A Londra tutto succede in maniera ovattata, l’ordine non pare imposto da un’organizzazione, ma dalla luce stessa della città. Il montaggio dell’impalcatura avviene in un silenzio irreale, interrotto solamente dalle voci dei muratori, sempre con giubbetto catarifrangente e casco portati con un’eleganza tale che quasi desta sconcerto l’assenza della cravatta. Le voci poi sono frasi ovattate, affabili, riferibili esclusivamente alle azioni da compiere. Anche tra di loro ci sono molti stranieri, ce ne saranno certamente, ma rimane impossibile riconoscere uno straniero a Londra (e non è una brutta cosa). Di tutt’altro tono è lo smontaggio: c’è ilarità, festa da ultimo giorno di scuola, come se i muratori partecipassero alla definitiva ristrutturazione dell’immobile con la stessa gioia dei residenti obbligati a mesi di non facile convivenza con martelli pneumatici e trambusti di ogni tipo. La proprietà privata non è una retorica vuota a Londra e l’esigenza di turbare il meno possibile il residente è un imperativo assoluto. Incrociare un muratore per le scale ha lo stesso sapore di salutare il miglior vicino che si abbia mai avuto: un grande sorriso seguito da una qualche domanda su eventuali problemi causati dai lavori in corso. E' inutile dire che nascono, se non vere e proprie amicizie, brevi relazioni tra i residenti e i muratori uniti anche dalla possibilità data dall’impresa di consumare insieme, solitamente su un tavolino posto in giardino, tè e caffè. E non mancano consigli pratici per un futuro fai da te di cui il residente curioso è sempre alla ricerca.

 



In Italia, nello specifico a Bergamo, tutto è già subito un polverone. Patria del cemento armato, la sabbia non si spreca e sembra che non si sprechino nemmeno i tubi Innocenti (pur di nostra invenzione) che paiono appena usciti da una qualche lottizzazione Fanfani di sessant’anni prima. Il muratore qui non ha sprezzo di nulla. Il braghino sopra il ginocchio è la sua mise d’ordinanza e il rapporto con i sottoposti è parente stretto dello schiavismo. Impresa a conduzione famigliare, in genere capo famiglia e figlio maggiorenne (in aggiunta quello minorenne d’estate), più extracomunitari a piacere, direttamente proporzionali alla quantità di lavoro da svolgere. L’impresario, gambe larghe, bacino basso e pancia enorme, ha la fisionomia storica del temibile Caissotti de La speculazione edilizia di Italo Calvino. Lo sguardo furbo quanto selvatico e gli occhi lucidi tipici dell’untuoso arraffaroba, lavora prendendosi tutta la libertà di spazio e tempo, come se fosse a casa sua. Spesso mugugna espressioni indecifrabili, ma chiaramente rabbiose e infiammate dall'alito tipico del bevitore incallito, che l’extra, come lo chiama lui, guarda con un misto di terrore e compassione. Così i residenti che attendono la fine dei lavori come la fine di una tortura, se non di una disgrazia scampata.

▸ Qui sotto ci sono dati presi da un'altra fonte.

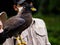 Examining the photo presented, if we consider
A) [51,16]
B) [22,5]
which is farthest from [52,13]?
[22,5]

Impotenti, si assiste alla più totale impreparazione, una sorta di faidate istituzionalizzato che pare essere il termine di paragone di tutta una nazione. Basta una notte di temporale per rivelarne tutta la rozza cialtroneria. Un tetto in riparazione privato di ogni forma di protezione anche solo provvisoria causa l’allagamento di tutti gli appartamenti all’ultimo piano. Il Caissotti d’occasione, chiamato d’urgenza, si dichiara, articolando con difficoltà, ostaggio di un clima maledetto e imprevedibile, e poi che non c’è niente da fare: “è la natura”, lui non c'entra. Nemmeno guardare oltre la spalla di quel prototipo dell'innocenza verso un orizzonte celeste ormai sereno aiuta a rallegrarci: si rimane mezzi allagati e senza parole. Il vicino mi pare dica qualcosa, ma è più che altro un lamento. Restiamo a vedere il tozzo figuro scendere le scale, come se avesse imparato da poco a farlo: gambe larghe e testa bassa. Si spaccia per tecnico, non è il primo e non ha l’aria di essere l’ultimo.